*Task description*.
Every line that contains "Damen" must be located and copied from the data.

*Information provided*.
[Start of section]

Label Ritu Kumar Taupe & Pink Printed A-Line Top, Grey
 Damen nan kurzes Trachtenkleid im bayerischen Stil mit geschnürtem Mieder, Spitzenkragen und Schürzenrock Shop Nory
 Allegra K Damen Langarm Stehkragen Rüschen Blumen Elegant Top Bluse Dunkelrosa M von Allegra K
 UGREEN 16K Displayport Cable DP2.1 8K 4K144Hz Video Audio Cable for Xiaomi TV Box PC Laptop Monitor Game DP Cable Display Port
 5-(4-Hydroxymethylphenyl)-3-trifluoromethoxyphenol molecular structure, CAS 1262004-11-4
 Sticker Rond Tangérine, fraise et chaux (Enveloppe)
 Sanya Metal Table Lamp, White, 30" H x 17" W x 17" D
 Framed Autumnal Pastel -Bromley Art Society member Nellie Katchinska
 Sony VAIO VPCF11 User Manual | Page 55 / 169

[End of section]

*Answer space*.
 Damen nan kurzes Trachtenkleid im bayerischen Stil mit geschnürtem Mieder, Spitzenkragen und Schürzenrock Shop Nory
 Allegra K Damen Langarm Stehkragen Rüschen Blumen Elegant Top Bluse Dunkelrosa M von Allegra K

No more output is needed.